“Performativity”

If I had a word for the films of Ang Lee, it wouldn’t be masterful, genius, poetic, or transcendent. It would be competent. That’s a compliment - most films and filmmakers fail at even that meager task. But with few exceptions (Brokeback Mountain comes to mind), Lee’s work is just competent, above average, solid.

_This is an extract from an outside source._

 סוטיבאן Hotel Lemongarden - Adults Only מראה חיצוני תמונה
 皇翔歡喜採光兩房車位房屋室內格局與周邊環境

Lust, Caution, then, is a return to form for Lee. It’s pretty solid, and for just over an hour fairly gripping. From a purely mechanical standpoint, it is, like many of Lee’s films, overlong in its second act and its emotional weight unduly balanced toward one main character (even Brokeback, which I admittedly admire quite a bit, succeeds because of Ledger and not Gyllenhaal). Its sex scenes are, yes, graphic, and it probably does deserve that NC-17, though I’ll admit I didn’t quite understand the necessity of the rawness of the sex, which verges in at least one scene on softcore territory. We get it. Sexual power = emotional power = political power. But do we really need to see Tony Leung’s ballsack in order to get that point across?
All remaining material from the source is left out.